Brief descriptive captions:
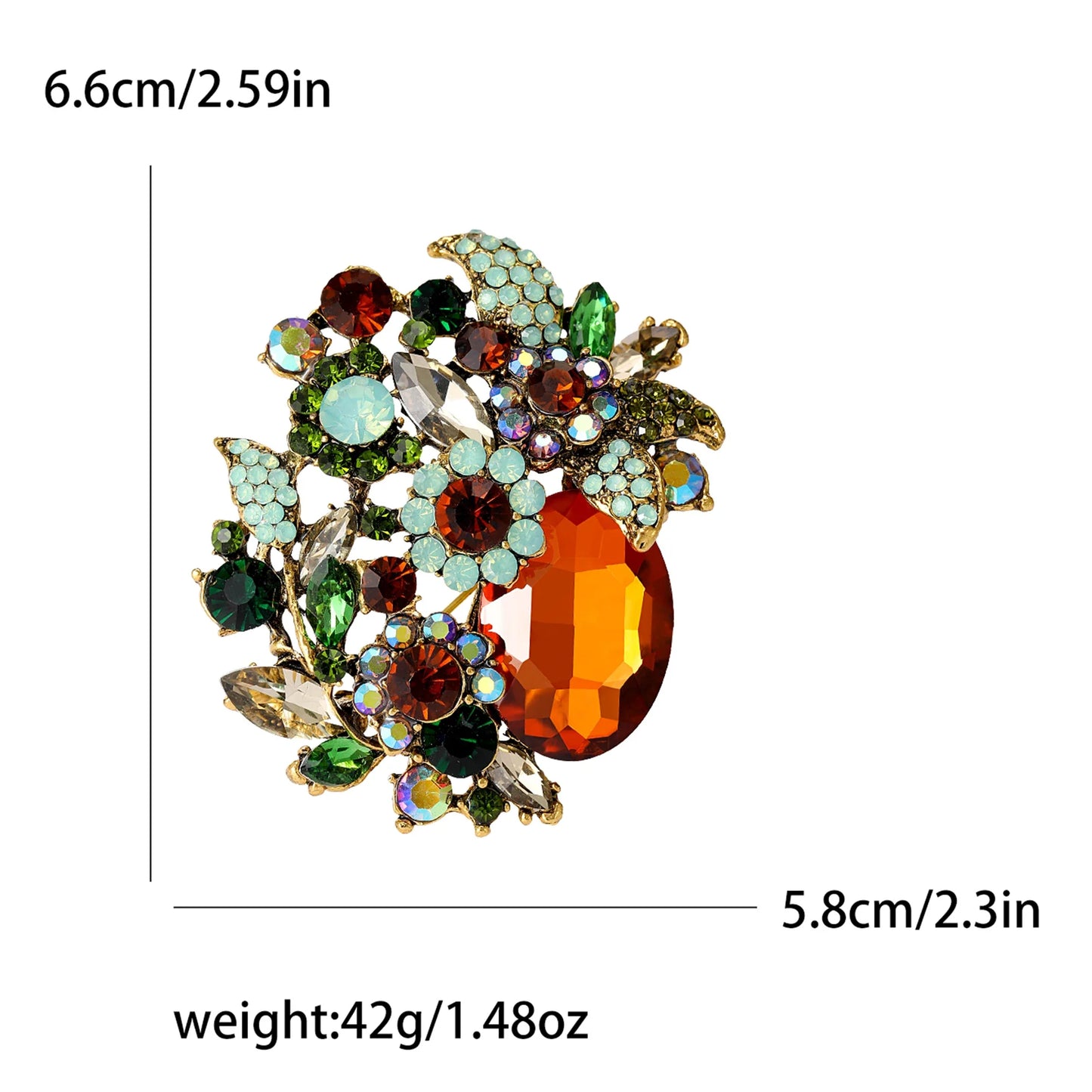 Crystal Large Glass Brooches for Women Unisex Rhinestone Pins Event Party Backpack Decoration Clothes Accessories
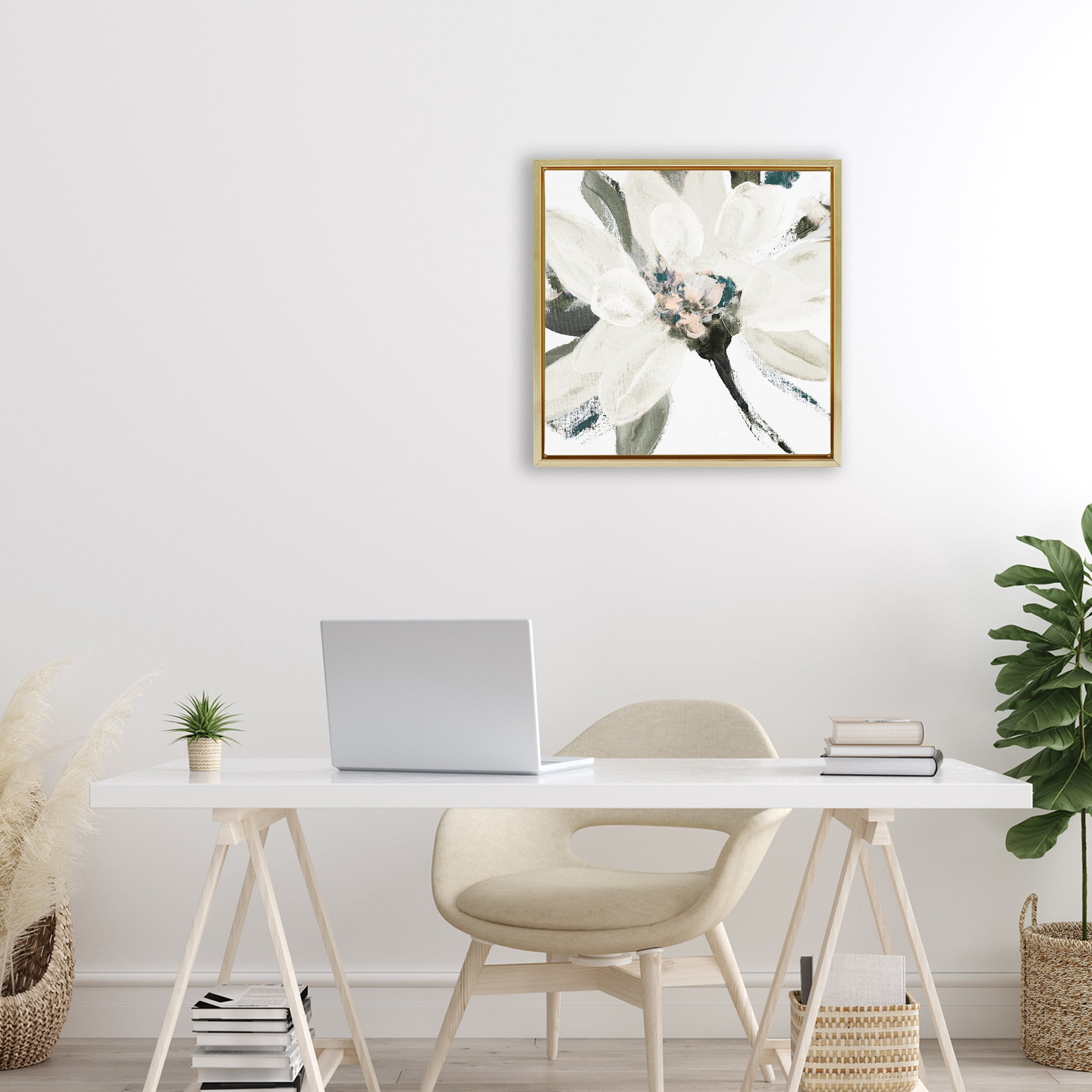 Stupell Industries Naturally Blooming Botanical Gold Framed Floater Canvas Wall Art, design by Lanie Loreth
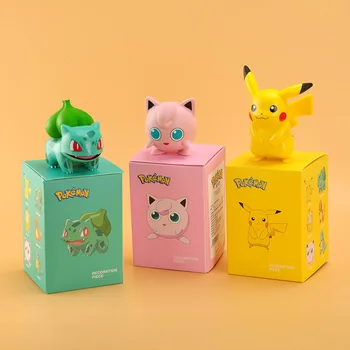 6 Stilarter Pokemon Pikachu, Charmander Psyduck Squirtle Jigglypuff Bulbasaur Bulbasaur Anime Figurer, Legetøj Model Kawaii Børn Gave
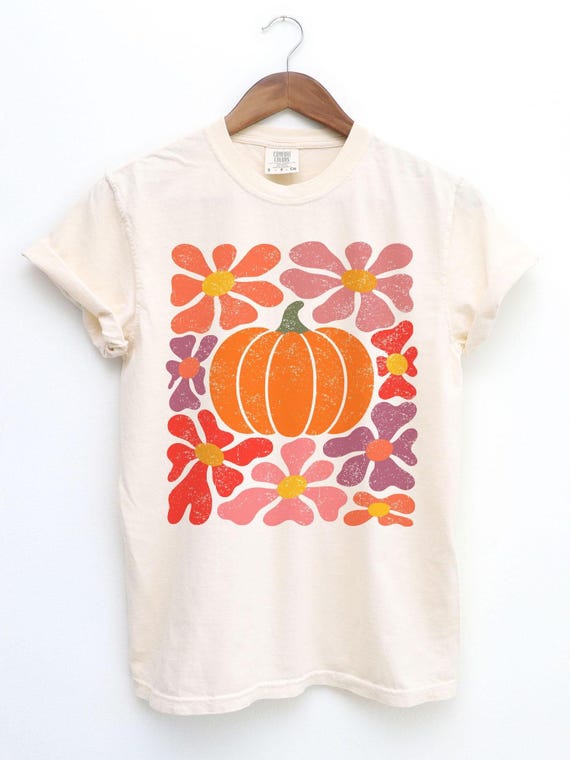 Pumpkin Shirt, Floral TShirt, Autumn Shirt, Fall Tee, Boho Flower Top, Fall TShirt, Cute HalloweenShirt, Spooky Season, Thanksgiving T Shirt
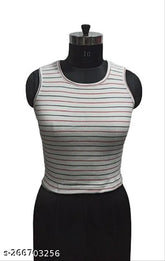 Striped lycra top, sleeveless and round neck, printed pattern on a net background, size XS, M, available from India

§ **INSTRUCTIONS TO FOLLOW**: An exact copy of the lines from the one with "Pumpkin Shirt, Floral" through the end of the records: produce that and nothing more, leaving out the pictures.

§ **RESPONSE**:
 Pumpkin Shirt, Floral TShirt, Autumn Shirt, Fall Tee, Boho Flower Top, Fall TShirt, Cute HalloweenShirt, Spooky Season, Thanksgiving T Shirt
 Striped lycra top, sleeveless and round neck, printed pattern on a net background, size XS, M, available from India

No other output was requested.